_Description of the task_: Starting at the line with "We consider the following" and ending at the line with "This is another image, a", print exactly the lines of the entries below. Pictures do not belong in the copy.

_Record set_:
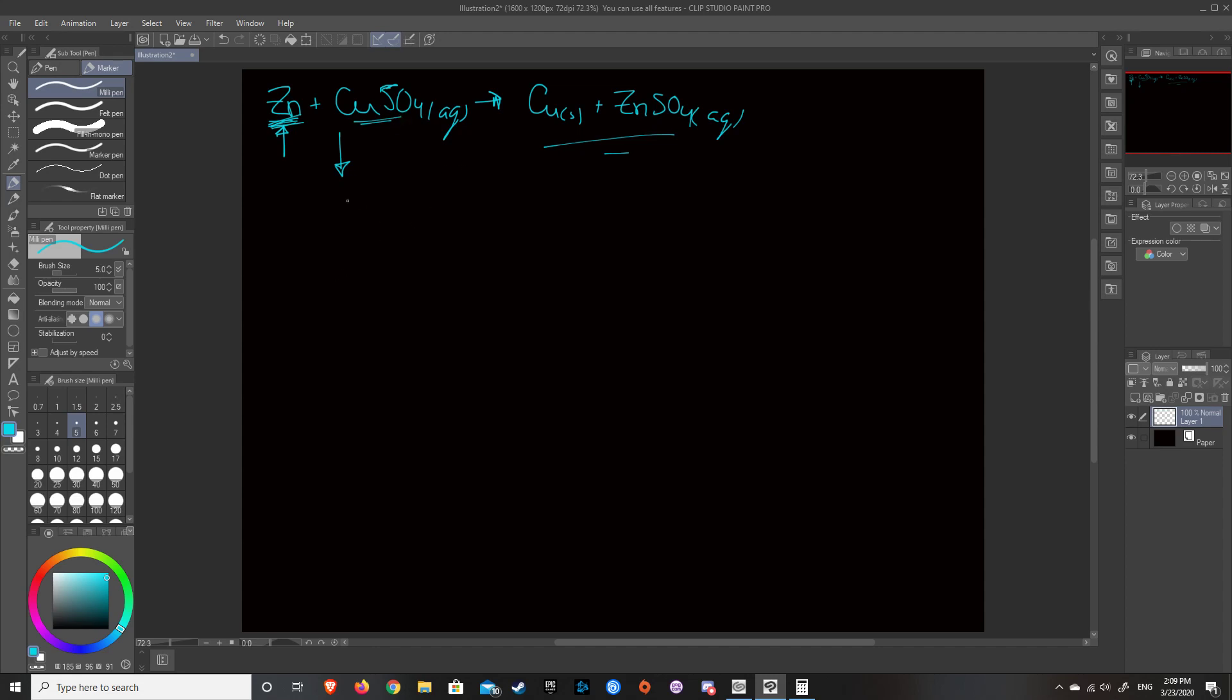So basically what we're going to have is, what the question gives you is that you've got 28.8 grams of copper sulfate solution. So right now we're not necessarily going to look at this, because this can be one of the errors of the experiment that we're going to talk about. The question just states that you've got 28.8 grams of copper sulfate solution, and the mass of zinc that you have, mass of zinc that we have, is 1.37 grams.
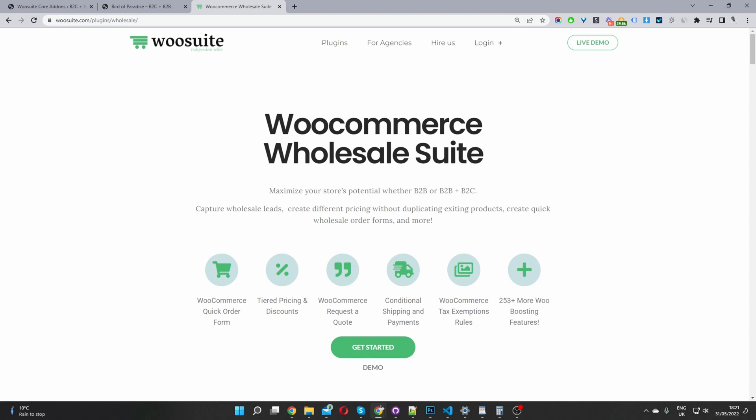Okay, so the first step is to head over to woosuite.com and go ahead and download and install the WooSuite wholesale plugin. I'll leave the link in the description below. Once you've done so, let's head back over to our dashboard.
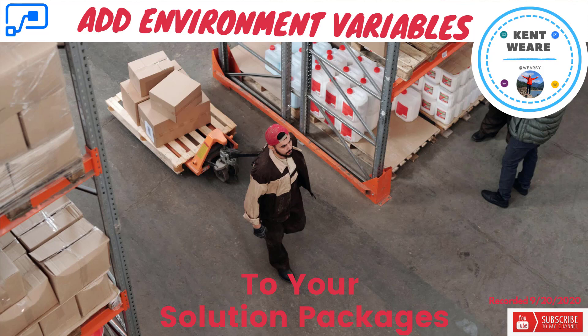Hello and welcome to the channel. Today we're going to talk about how we can add environment variables to our solution packages. Let's go.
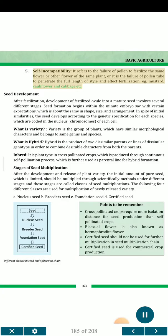5. Self-incompatibility — it refers to the failure of pollen to fertilize the same flower or other flowers of the same plant, or the failure of the pollen tube to penetrate the full length of the style and effect fertilization, e.g. mustard, cauliflower and cabbage.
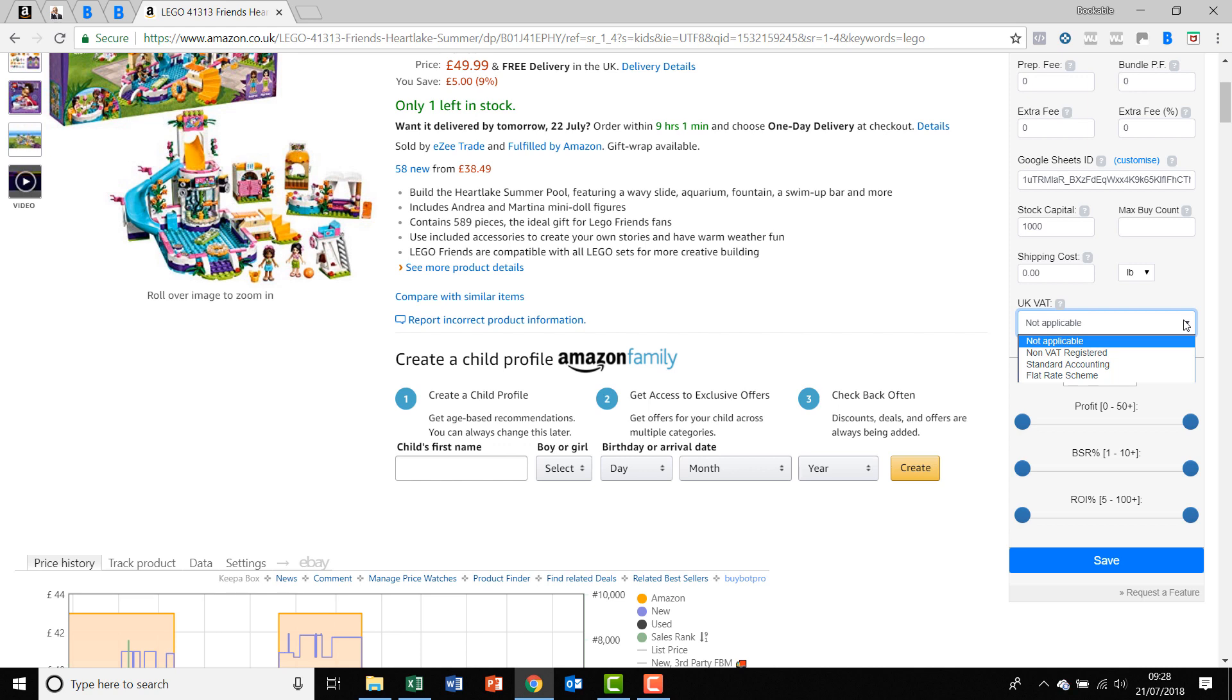The first one, not applicable, is if you are outside of Europe. If you're based in the US, then you need to click not applicable because VAT is not applicable, assuming that you're selling in the US as well and you don't have a .co.uk account. Assuming you've got a .com Amazon account and you are based in the US, then please choose not applicable.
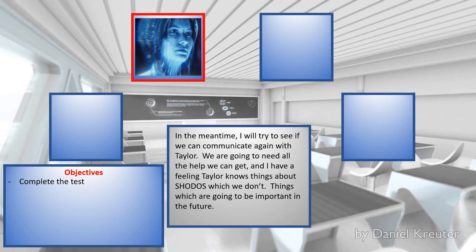In the meantime, I will try to see if we can communicate again with Taylor. We are going to need all the help we can get, and I have a feeling Taylor knows things about Shodan which we don't know. Things which are going to be important in the future.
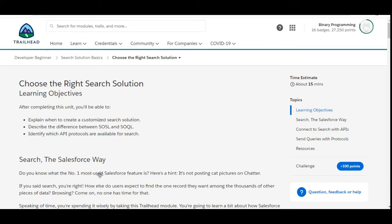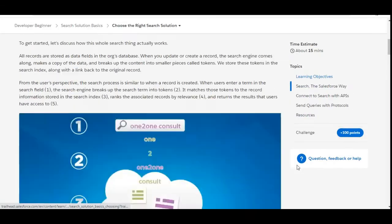Hello all, welcome to Binary Programming. In this video, we will solve the first challenge of the Search Solution Basics module of Developer Beginner. The name of the challenge is Choose the Right Search Solution. Let's move to the challenge.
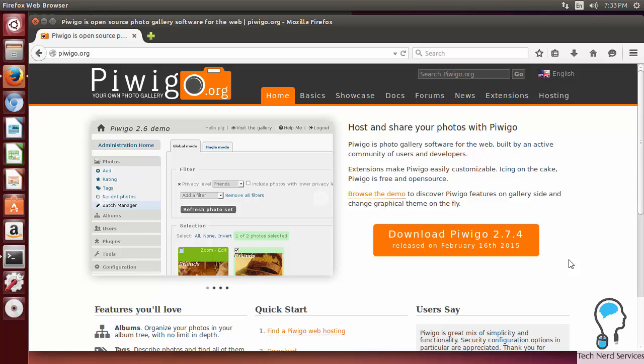Hi everyone, welcome back to another Tech Nerd tutorial. Today we're going to be finishing our home server series by installing Piwigo, an online photo album web application.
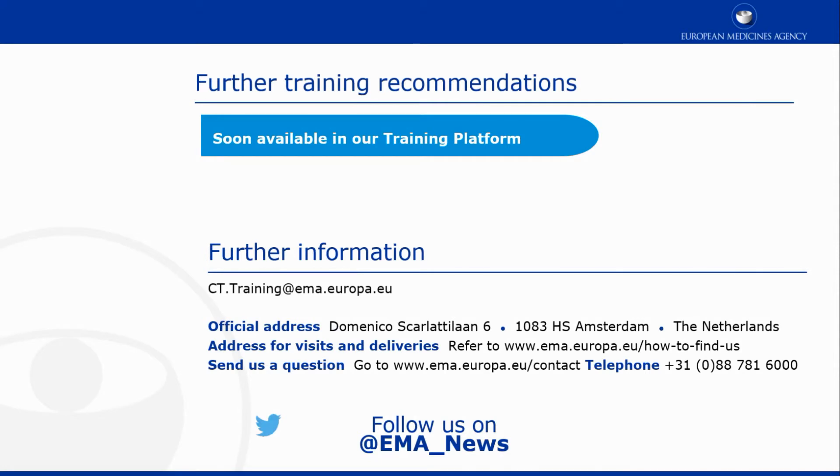This video is part of the CTIS training program. For more information on how to search, view, and assess an annual safety report, you may visit our training platform and our additional materials.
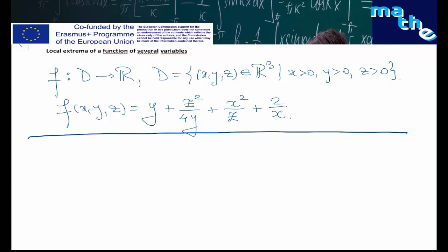We consider the following exercise for local extrema of a function of several variables. We consider the function f defined on domain D with values in R, a real function, where the domain D contains all elements in R³ which are strictly positive — x, y, and z are strictly positive — and f(x, y, z) is given by (y + z²)/(4y) + x²/z + 2/x.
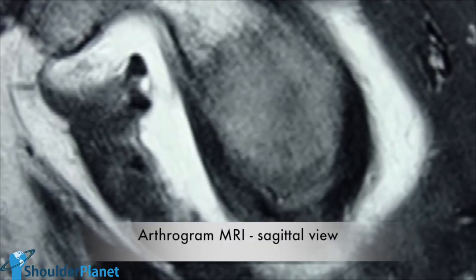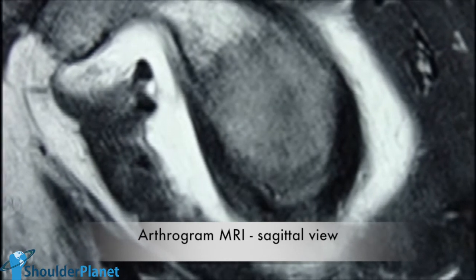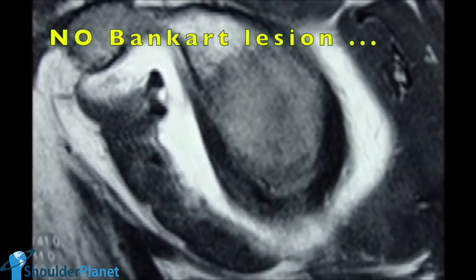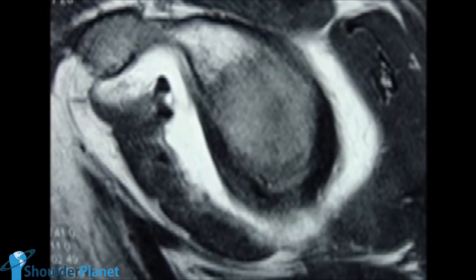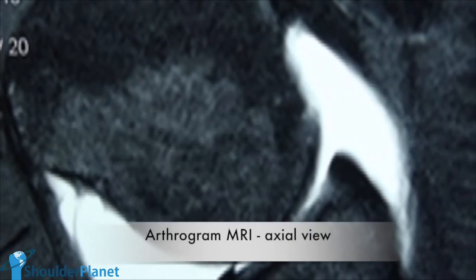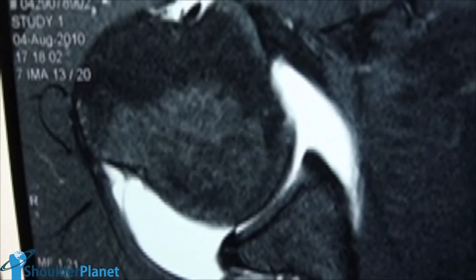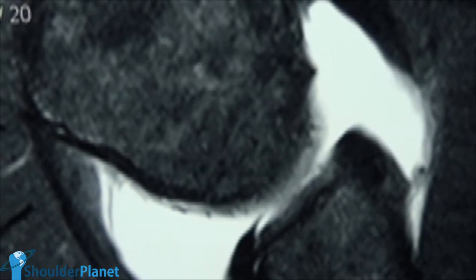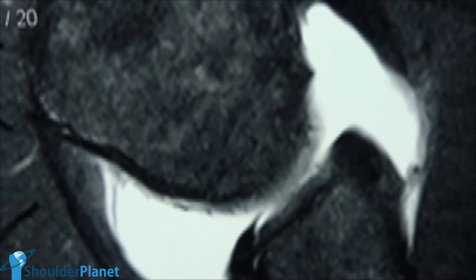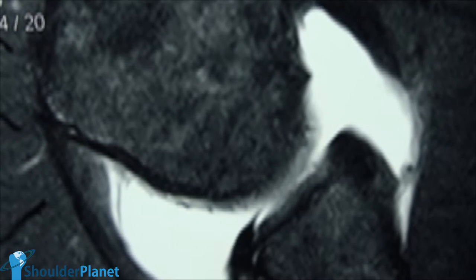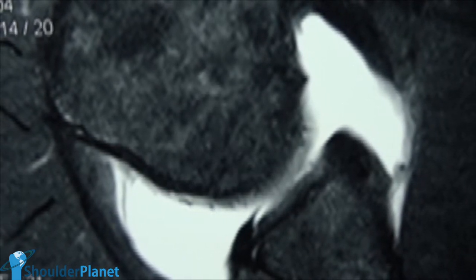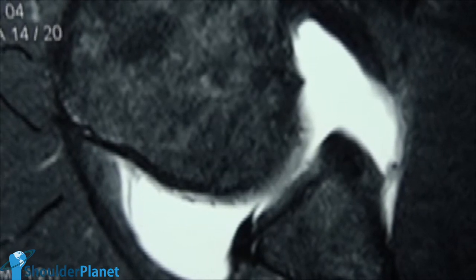This is another image, a T2 sagittal view in which we can see no signs of any standard Bankart lesion. And in this image, an axial T2 cut, we can see that his anterior labrum seems to be quite normal. And finally, this is another axial T2 cut again revealing a quite normal anterior labrum. The patient was told that we would try to fix his HAGL lesion arthroscopically, and if we found that it was not possible, we would very quickly stop the arthroscopy and perform an open Bristow-Latarjet surgery.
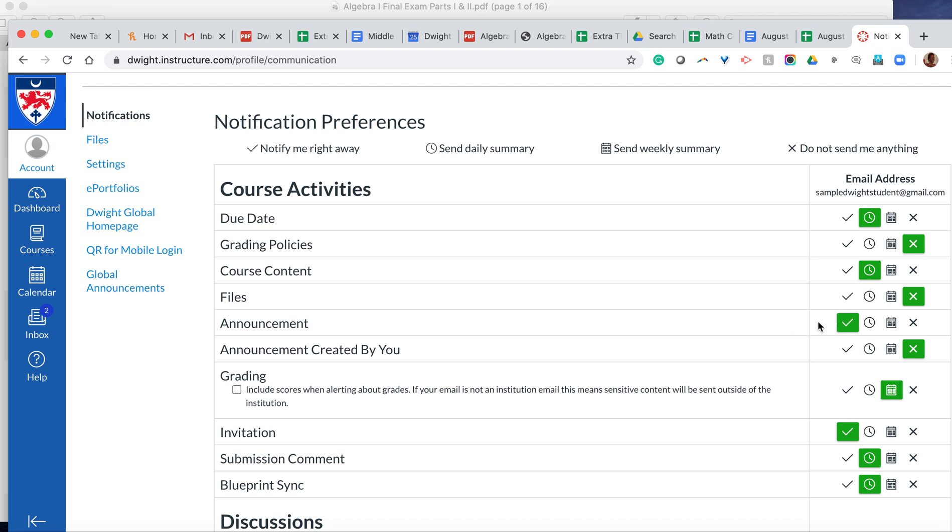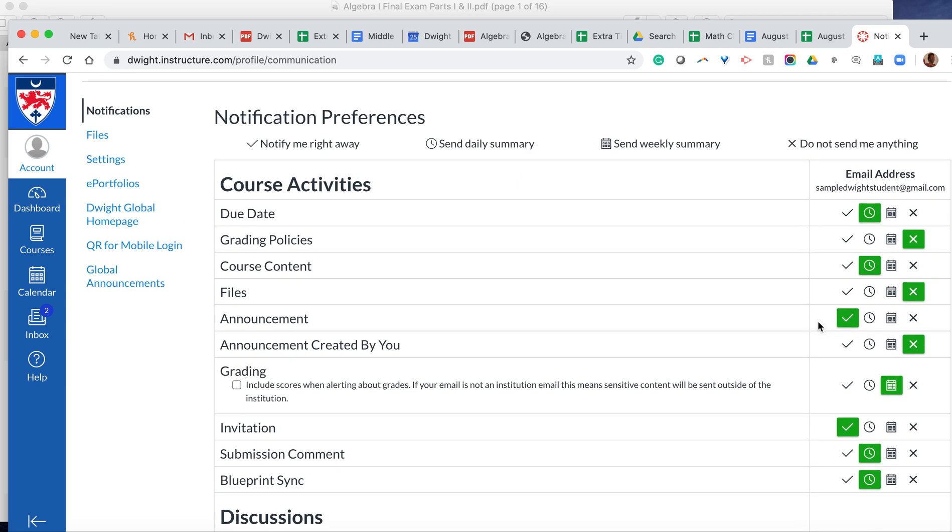So go ahead and look at all of these things, whether or not you want to get them right away. If you want to get them right away, you go ahead and press the checkmark. If you want a summary every day, go ahead and change it to this. If you want a summary every week, change it to that. And then if you don't think you need a notification at all, mark the X.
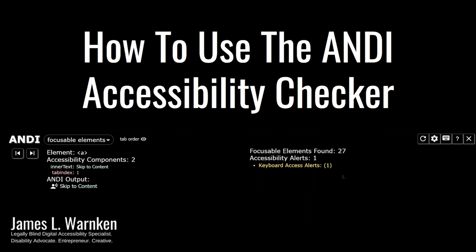Hello, my name is James, and today we are going to be taking a look at the Andy Accessibility Checker and learning how to use it.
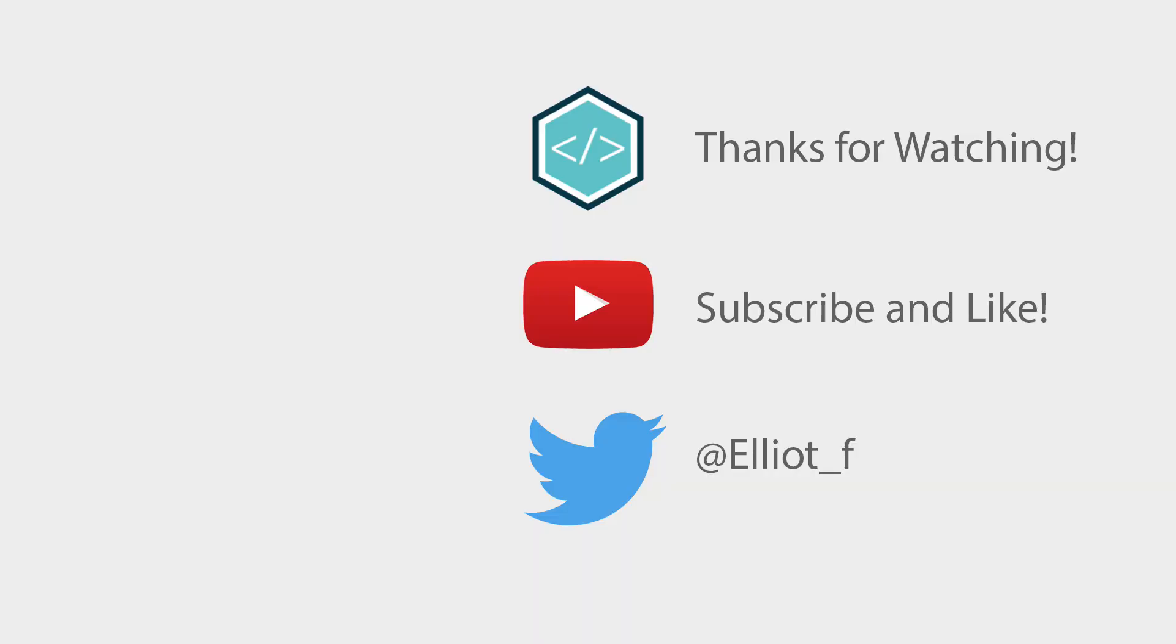If you found it useful then please leave a like and if you loved it then please subscribe to my channel for more programming content. Cheers.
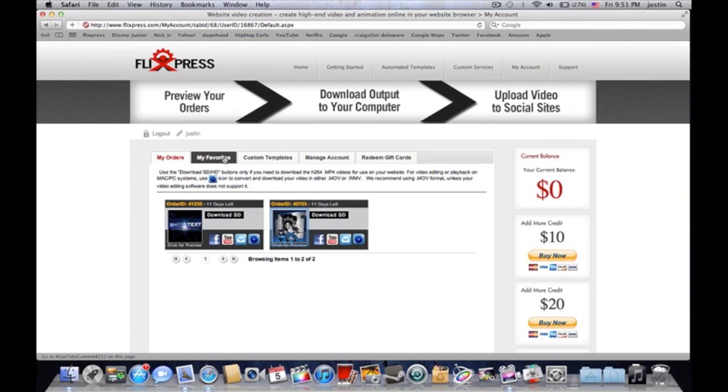If you guys have used this before, leave a comment down below man. Let me know what your experience is with it, let me know how you like it. Please comment and subscribe. I want to know what your guys' feedback on this particular web app is man.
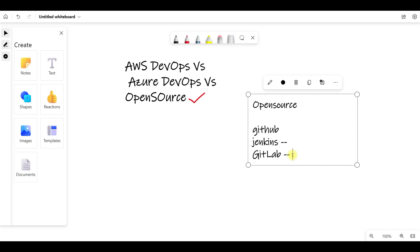If you are talking about Azure DevOps or AWS DevOps, there are definitely restrictions compared to Jenkins. In the open source community, there are a huge number of plugins in Jenkins.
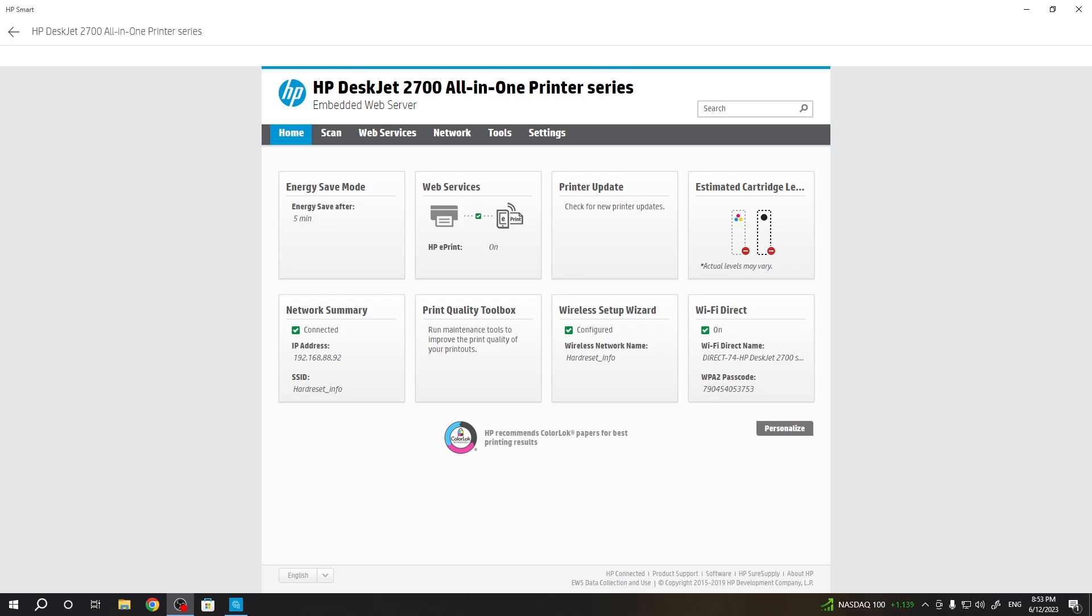Hi, welcome to Hard Wizard Info Channel. In front of me is an HP DeskJet 2700 3S printer, and now I'm going to show you how to check your Wi-Fi Direct password on this printer.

_Result below_:
We consider the following exercise for local extrema of a function of several variables. We consider the function f defined on domain D with values in R, a real function, where the domain D contains all elements in R³ which are strictly positive — x, y, and z are strictly positive — and f(x, y, z) is given by (y + z²)/(4y) + x²/z + 2/x.
This is another image, a T2 sagittal view in which we can see no signs of any standard Bankart lesion. And in this image, an axial T2 cut, we can see that his anterior labrum seems to be quite normal. And finally, this is another axial T2 cut again revealing a quite normal anterior labrum. The patient was told that we would try to fix his HAGL lesion arthroscopically, and if we found that it was not possible, we would very quickly stop the arthroscopy and perform an open Bristow-Latarjet surgery.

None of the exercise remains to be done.